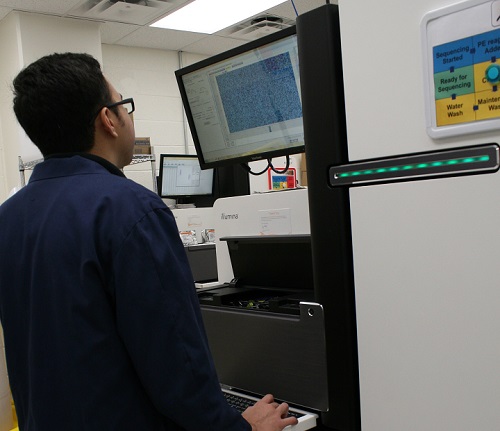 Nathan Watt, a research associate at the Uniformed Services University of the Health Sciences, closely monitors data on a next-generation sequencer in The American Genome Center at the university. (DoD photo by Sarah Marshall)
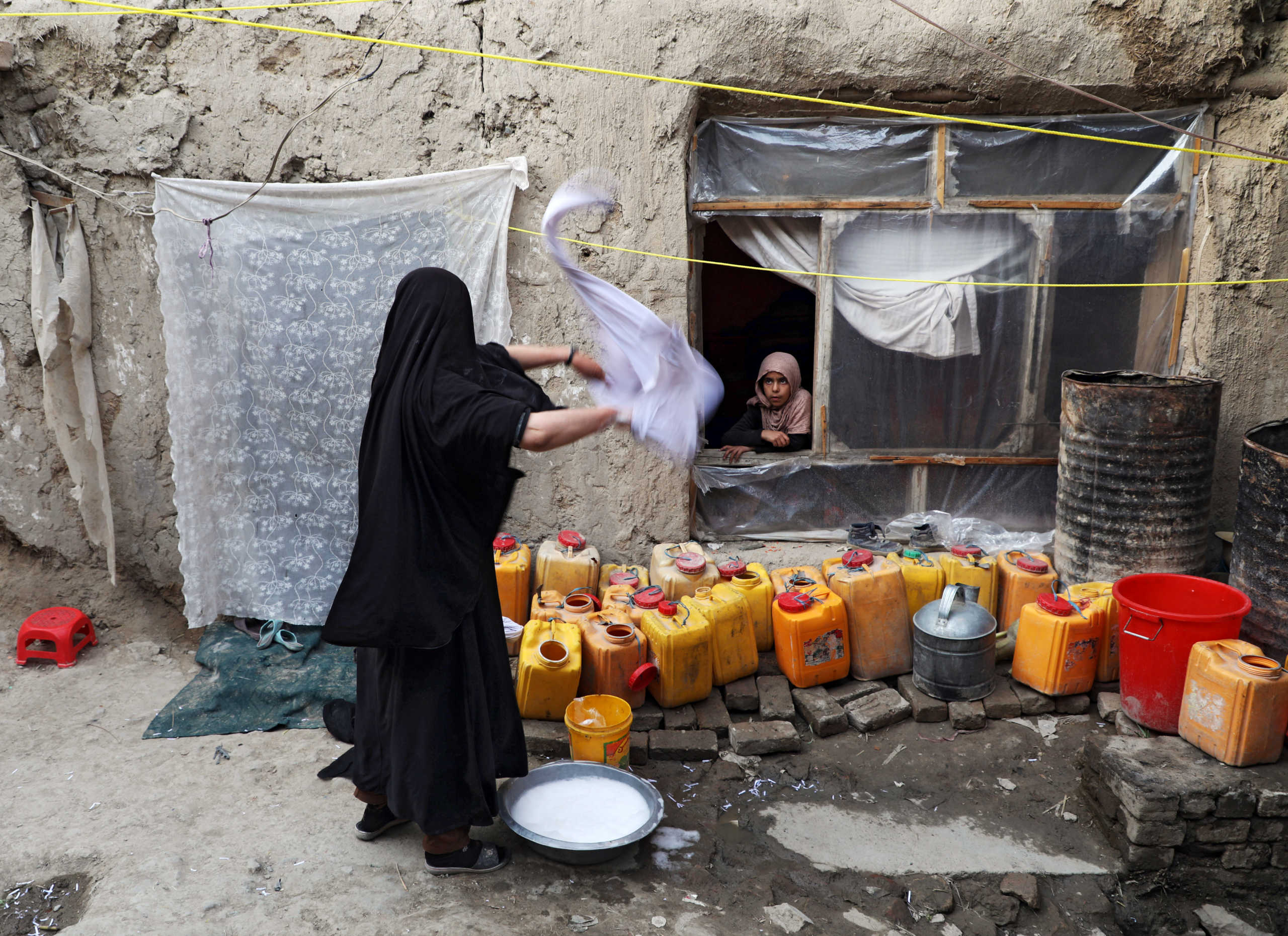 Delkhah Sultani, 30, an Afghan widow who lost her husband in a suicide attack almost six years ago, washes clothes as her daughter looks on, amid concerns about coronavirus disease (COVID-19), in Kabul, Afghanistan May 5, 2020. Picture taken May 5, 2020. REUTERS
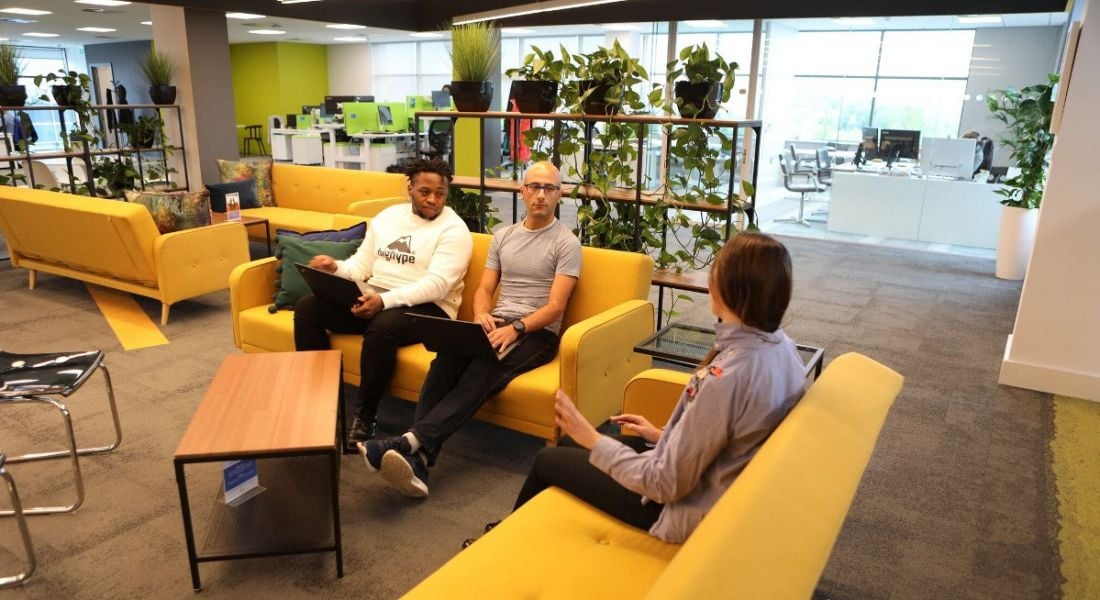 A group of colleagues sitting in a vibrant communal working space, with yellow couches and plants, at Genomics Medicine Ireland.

• **What you have to do**
Nothing but the lines from the first line of the listing above to the line containing "Delkhah Sultani, 30, an" should appear in the answer, each one exact and with no pictures.

• **Worked solution**
 Nathan Watt, a research associate at the Uniformed Services University of the Health Sciences, closely monitors data on a next-generation sequencer in The American Genome Center at the university. (DoD photo by Sarah Marshall)
 Delkhah Sultani, 30, an Afghan widow who lost her husband in a suicide attack almost six years ago, washes clothes as her daughter looks on, amid concerns about coronavirus disease (COVID-19), in Kabul, Afghanistan May 5, 2020. Picture taken May 5, 2020. REUTERS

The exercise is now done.